There are two ways to update the updatable components in an MBL image:

First, you need to prepare the update payload for the updatable component.

Prepare the update payload

You need a full build of MBL because this contains the files for the updatable components.

During the build, the build script signs the bootloader and kernel update components using either keys that were generated in the build, or by keys you supplied to the build, so you must use the same keys or keys derived from the same root of trust that you have used for the first image loaded on the device.

Warning: If you update a device with update components from a build that used different keys, the device won't boot anymore. For example, if you are using an evaluation image and generate a new kernel or bootloader component, the keys will be different. You can recover the device by following the steps to flash a first image.
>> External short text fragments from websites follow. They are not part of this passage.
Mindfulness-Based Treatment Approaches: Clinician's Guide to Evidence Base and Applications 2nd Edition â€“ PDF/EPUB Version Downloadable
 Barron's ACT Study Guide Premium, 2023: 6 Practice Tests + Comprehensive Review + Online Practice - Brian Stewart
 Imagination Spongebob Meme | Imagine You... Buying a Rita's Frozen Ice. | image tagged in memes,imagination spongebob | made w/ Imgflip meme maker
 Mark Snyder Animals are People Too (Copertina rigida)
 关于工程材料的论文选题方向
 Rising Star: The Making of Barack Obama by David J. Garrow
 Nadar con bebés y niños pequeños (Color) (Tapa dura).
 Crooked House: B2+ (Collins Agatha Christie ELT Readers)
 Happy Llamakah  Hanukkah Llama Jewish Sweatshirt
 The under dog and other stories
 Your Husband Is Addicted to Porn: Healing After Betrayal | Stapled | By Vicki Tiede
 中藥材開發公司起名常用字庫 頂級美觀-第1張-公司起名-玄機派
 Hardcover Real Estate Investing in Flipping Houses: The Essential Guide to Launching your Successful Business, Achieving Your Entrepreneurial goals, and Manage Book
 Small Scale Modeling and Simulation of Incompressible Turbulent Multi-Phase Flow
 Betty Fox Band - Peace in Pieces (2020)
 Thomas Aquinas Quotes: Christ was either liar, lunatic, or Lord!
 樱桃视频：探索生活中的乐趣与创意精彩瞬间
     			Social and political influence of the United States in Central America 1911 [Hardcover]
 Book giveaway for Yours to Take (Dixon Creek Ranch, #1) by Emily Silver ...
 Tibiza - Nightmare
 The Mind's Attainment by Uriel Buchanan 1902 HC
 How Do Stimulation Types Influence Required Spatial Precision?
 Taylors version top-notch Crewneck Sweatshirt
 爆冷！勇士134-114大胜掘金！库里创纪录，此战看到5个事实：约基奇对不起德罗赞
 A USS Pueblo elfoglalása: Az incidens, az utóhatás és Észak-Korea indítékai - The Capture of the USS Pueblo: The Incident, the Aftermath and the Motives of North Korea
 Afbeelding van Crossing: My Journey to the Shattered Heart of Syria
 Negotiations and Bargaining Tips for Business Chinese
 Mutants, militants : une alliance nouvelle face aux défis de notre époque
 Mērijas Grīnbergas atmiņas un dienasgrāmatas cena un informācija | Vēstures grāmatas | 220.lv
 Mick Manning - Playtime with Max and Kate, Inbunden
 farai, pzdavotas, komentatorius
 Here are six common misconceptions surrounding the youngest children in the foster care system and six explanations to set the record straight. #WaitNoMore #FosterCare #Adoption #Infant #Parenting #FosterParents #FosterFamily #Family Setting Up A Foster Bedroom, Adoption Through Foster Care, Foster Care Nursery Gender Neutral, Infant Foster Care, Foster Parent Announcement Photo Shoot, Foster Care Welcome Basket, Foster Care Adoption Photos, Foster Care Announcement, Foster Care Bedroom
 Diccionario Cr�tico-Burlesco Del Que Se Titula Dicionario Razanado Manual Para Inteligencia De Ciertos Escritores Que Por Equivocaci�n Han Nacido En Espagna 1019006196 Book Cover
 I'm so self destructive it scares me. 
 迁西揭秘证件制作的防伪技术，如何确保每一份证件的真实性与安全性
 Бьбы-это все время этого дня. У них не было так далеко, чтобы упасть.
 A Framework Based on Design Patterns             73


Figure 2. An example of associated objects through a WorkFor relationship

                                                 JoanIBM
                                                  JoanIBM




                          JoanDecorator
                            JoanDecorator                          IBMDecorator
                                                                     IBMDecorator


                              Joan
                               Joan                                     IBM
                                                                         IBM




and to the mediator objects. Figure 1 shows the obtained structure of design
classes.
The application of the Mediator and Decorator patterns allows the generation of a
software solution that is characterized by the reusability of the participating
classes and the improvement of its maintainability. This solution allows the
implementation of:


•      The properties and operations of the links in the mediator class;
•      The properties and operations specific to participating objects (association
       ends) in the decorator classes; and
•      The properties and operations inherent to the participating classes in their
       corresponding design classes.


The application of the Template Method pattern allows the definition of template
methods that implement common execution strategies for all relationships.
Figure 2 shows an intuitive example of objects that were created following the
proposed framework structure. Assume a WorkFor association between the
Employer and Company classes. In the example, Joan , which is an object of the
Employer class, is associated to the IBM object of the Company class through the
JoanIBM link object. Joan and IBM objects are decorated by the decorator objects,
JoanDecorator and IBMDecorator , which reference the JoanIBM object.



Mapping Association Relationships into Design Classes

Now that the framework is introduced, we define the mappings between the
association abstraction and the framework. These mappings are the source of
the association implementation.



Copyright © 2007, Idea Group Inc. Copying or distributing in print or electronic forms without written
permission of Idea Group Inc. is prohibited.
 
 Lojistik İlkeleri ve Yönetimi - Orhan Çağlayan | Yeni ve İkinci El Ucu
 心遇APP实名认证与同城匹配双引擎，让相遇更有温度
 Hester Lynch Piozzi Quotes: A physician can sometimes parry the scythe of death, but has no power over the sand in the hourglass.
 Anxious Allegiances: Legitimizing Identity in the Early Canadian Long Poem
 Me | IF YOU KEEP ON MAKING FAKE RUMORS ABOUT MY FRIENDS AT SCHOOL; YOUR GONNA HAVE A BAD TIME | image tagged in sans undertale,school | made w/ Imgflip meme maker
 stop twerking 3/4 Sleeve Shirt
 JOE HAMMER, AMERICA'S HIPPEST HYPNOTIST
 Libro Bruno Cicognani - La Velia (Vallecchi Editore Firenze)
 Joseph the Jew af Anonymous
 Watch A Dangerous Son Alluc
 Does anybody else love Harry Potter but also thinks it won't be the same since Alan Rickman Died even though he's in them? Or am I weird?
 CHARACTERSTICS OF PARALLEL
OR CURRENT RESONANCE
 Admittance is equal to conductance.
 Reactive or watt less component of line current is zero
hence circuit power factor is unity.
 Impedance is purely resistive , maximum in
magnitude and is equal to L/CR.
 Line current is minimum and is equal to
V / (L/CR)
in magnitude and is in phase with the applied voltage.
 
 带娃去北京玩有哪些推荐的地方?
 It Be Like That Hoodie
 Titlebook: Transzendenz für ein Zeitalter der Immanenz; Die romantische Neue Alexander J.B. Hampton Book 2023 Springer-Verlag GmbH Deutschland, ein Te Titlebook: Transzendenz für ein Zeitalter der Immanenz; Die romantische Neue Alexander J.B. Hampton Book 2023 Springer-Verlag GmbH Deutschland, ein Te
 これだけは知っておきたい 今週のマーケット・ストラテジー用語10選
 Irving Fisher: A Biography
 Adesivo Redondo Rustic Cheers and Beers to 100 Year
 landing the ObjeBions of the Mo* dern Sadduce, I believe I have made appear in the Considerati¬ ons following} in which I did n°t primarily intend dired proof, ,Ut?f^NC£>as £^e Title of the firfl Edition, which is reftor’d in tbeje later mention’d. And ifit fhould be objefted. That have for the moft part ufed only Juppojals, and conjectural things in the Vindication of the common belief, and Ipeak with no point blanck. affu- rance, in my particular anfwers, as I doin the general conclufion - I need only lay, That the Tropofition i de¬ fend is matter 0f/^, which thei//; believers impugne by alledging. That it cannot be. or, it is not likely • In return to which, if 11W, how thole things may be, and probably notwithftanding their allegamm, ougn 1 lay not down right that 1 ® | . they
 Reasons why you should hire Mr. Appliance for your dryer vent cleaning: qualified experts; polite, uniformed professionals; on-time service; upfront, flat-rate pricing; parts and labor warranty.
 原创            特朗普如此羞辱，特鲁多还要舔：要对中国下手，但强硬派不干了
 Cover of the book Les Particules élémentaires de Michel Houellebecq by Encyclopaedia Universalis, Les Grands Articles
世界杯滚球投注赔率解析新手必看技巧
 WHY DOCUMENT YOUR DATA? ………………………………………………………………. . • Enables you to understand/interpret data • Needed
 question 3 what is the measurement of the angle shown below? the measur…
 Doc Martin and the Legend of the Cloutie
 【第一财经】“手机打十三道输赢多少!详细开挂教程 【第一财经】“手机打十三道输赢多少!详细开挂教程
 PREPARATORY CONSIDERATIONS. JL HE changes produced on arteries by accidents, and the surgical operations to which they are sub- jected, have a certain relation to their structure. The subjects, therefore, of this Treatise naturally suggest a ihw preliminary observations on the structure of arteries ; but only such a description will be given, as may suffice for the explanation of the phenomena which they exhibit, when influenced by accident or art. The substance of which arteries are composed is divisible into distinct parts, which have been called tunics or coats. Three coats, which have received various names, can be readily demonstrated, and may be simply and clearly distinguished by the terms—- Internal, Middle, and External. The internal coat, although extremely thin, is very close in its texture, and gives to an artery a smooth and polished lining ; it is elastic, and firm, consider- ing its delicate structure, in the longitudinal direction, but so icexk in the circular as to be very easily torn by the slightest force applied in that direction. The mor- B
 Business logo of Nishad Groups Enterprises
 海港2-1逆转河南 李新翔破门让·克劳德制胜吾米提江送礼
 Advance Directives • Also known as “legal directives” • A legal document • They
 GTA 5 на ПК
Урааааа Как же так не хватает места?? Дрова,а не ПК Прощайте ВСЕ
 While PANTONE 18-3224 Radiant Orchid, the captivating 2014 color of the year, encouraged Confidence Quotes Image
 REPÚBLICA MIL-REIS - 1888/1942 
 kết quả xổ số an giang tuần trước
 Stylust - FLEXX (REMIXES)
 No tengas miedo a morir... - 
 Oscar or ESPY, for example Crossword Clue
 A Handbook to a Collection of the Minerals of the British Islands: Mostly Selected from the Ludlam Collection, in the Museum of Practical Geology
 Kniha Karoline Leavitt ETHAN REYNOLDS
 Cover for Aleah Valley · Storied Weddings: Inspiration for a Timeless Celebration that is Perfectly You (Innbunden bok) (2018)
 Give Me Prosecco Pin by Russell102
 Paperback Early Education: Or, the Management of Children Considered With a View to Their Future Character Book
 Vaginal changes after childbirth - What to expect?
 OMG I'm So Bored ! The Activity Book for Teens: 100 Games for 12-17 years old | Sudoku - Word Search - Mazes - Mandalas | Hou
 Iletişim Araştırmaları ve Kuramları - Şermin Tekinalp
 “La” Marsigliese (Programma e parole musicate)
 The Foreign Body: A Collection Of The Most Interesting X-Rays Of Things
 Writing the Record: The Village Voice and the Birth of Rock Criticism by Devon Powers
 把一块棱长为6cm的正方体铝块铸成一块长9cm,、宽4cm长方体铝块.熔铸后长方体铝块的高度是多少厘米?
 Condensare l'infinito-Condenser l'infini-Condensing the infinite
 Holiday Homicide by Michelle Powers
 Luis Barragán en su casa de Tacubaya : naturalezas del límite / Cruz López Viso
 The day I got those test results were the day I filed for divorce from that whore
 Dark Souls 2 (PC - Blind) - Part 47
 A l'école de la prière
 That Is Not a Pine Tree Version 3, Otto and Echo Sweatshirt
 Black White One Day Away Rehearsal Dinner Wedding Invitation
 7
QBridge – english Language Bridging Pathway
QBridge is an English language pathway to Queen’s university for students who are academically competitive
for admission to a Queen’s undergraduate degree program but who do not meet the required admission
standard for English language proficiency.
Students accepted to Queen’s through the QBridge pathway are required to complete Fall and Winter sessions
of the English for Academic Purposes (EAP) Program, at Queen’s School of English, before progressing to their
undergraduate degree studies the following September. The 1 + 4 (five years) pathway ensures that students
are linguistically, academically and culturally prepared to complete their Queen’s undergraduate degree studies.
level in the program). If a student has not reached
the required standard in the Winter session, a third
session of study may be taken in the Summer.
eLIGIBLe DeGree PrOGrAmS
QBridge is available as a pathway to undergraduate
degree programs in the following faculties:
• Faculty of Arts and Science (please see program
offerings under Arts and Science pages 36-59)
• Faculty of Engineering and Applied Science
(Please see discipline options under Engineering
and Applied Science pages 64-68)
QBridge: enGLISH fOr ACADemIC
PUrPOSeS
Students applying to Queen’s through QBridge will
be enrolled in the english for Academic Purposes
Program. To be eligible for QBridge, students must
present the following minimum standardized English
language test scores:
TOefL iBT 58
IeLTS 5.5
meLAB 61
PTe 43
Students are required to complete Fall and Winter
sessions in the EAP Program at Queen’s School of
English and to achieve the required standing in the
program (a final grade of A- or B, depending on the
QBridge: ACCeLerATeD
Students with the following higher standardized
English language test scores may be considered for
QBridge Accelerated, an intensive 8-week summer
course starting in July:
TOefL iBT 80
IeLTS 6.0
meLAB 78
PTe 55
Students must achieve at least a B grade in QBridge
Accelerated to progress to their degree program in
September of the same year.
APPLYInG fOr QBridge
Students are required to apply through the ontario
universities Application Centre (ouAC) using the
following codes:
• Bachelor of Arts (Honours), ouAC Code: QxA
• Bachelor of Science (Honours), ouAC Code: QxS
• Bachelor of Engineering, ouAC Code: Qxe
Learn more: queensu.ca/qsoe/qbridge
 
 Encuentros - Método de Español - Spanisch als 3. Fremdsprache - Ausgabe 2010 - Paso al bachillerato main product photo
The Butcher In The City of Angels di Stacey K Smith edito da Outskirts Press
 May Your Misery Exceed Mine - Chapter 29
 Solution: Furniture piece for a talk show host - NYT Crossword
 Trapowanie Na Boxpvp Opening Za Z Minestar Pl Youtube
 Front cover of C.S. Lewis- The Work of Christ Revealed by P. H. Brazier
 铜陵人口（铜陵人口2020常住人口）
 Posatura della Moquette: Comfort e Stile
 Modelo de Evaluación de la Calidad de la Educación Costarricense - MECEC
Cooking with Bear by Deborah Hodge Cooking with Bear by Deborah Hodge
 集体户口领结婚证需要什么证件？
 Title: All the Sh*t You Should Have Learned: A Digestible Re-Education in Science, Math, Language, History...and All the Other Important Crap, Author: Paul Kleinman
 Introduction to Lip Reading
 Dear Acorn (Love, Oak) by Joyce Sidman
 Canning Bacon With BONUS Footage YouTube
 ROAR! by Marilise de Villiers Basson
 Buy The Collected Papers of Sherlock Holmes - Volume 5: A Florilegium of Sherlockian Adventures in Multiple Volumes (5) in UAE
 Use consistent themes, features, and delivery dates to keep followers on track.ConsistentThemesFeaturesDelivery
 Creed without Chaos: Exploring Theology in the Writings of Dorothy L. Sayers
In the future, there will be support for rollback to the last image using a bank switching mechanism for updates, apart from the bootloader component one.

Handling secure boot keys in the build

To support secure boot in MBL, the following signing keys and certificates are required:

  • Trusted world private signing key used in preparing the Bootloader update component 1 (BL2) for the Trusted Firmware secure boot - rot_key.pem.
  • Normal world private signing key and public certificate used in preparing the Bootloader update component 2 (BL3) for the Kernel update component (FIT) - mbl-fit-rot-key.key and mbl-fit-rot-key.crt.

Note: The private keys should be kept securely.

You can find more information about these keys and how to use them in the porting guide about FIP and FIT images.

If you do not supply these keys and certificates, they will be generated when you perform a build.

The default build action is that these keys will be placed in your output directory and used for subsequent builds in the same build directory unless you turn this off by setting MBL_PERSIST_SIGN_KEYS to 0 in your local.conf configuration.

If you do persist the keys, you can find the generated keys in your output directory: /path/to/artifacts/machine/MACHINE/IMAGE/keys, where MACHINE and IMAGE match the machine and image types you built - for example, imx7s-warp-mbl and mbl-image-developement.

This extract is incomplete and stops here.